* Data section:
━━━━━━━━━━━━━━━━━━━━━━━━━━━━━━
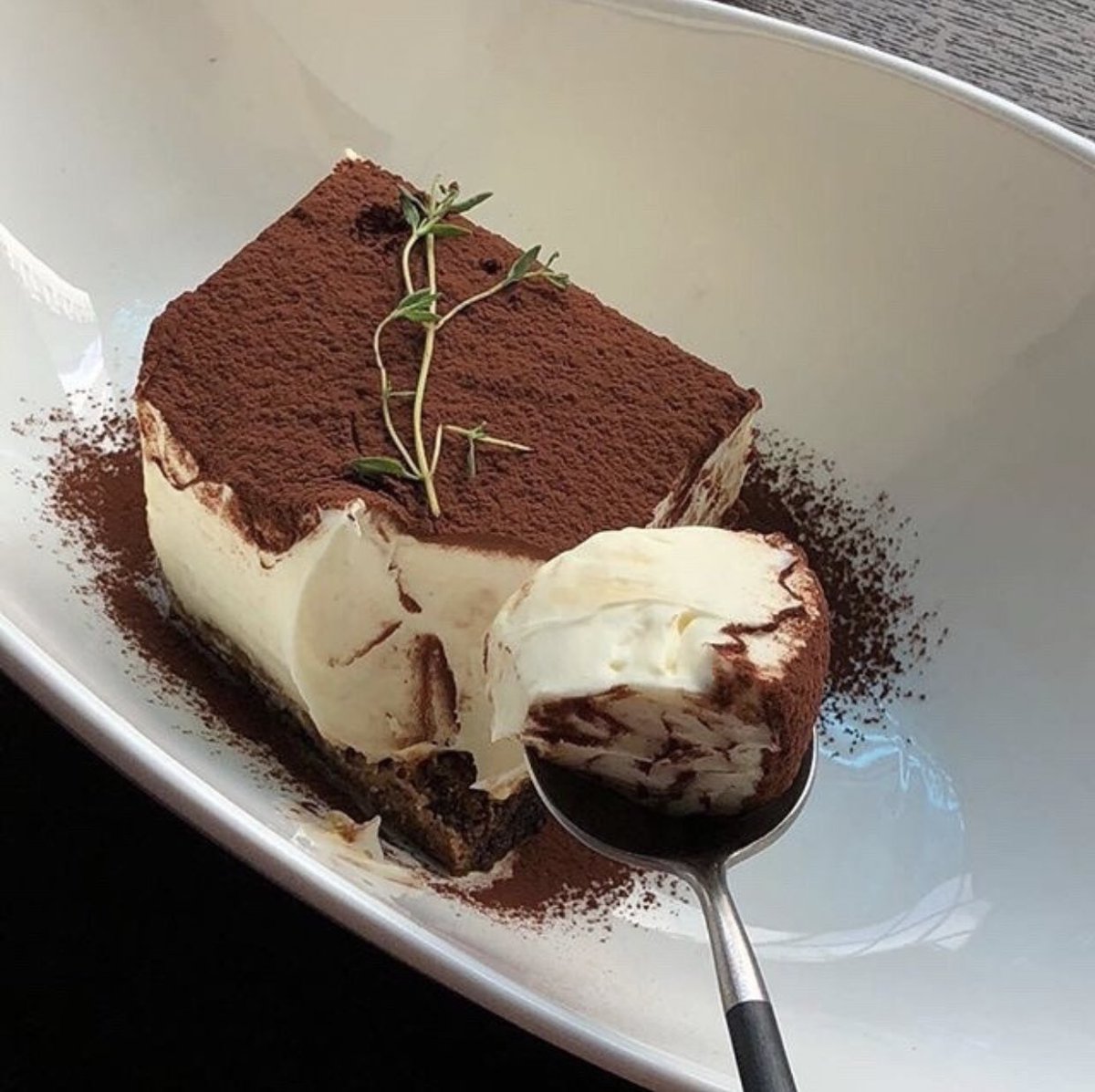 庭をイメージして作られたティラミスが可愛すぎる 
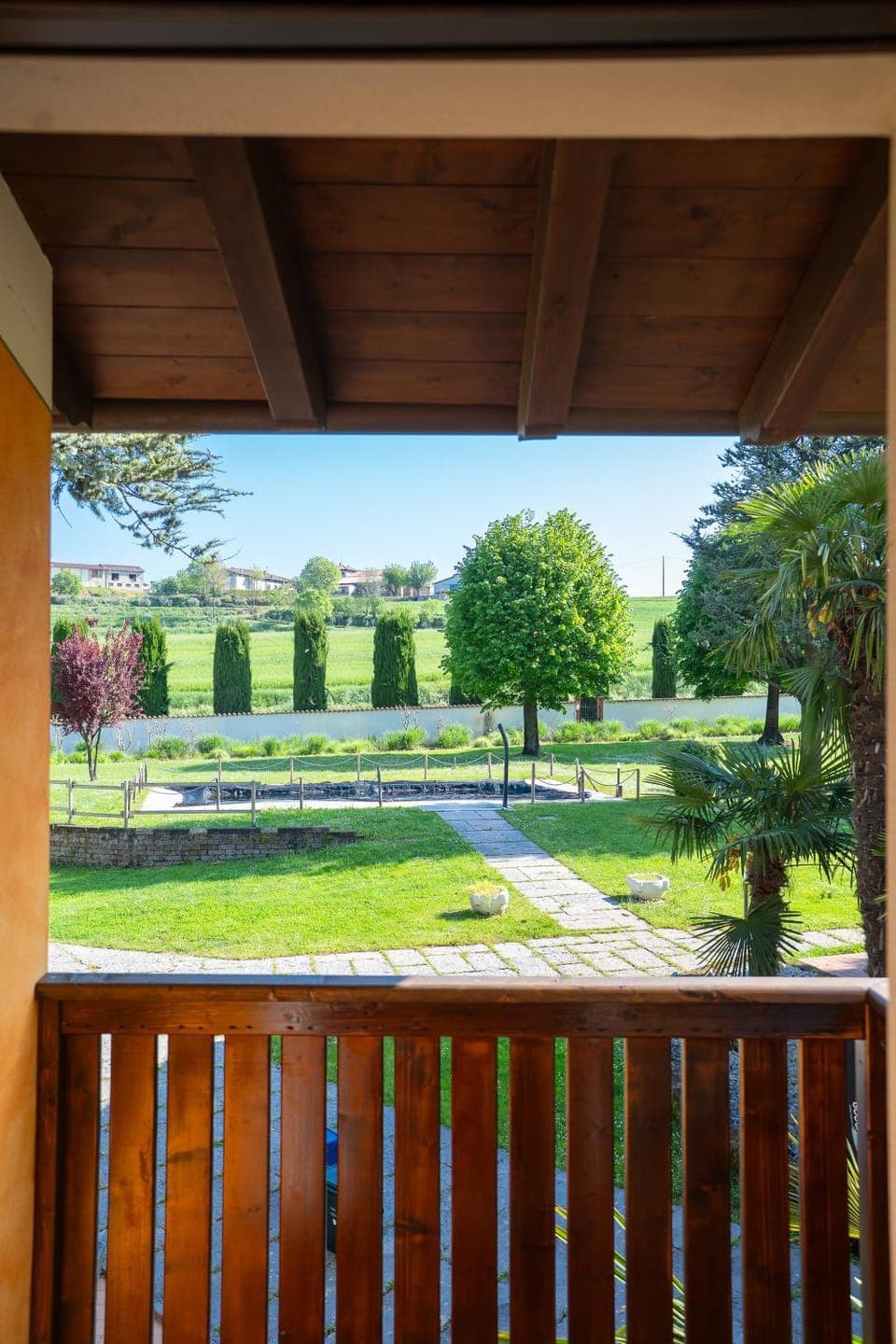 View (from property/room), Balcony/Terrace, Garden view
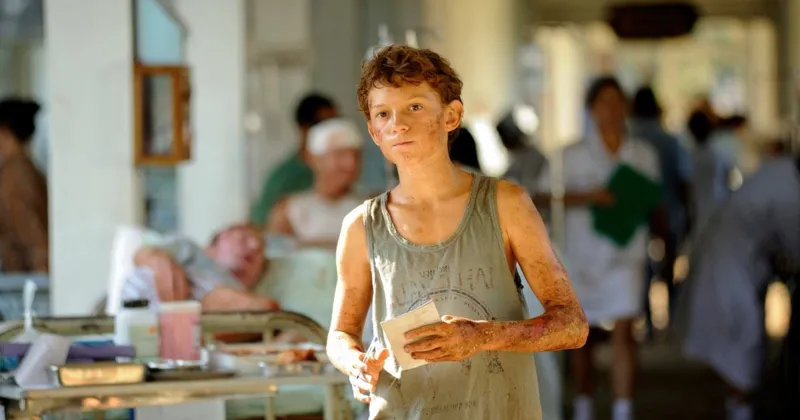 Tom Holland trong The Impossible 2012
━━━━━━━━━━━━━━━━━━━━━━━━━━━━━━
* Work to be completed: Return the material exactly as it reads, though without the pictures it holds.

* Exercise result:
 庭をイメージして作られたティラミスが可愛すぎる 
 View (from property/room), Balcony/Terrace, Garden view
 Tom Holland trong The Impossible 2012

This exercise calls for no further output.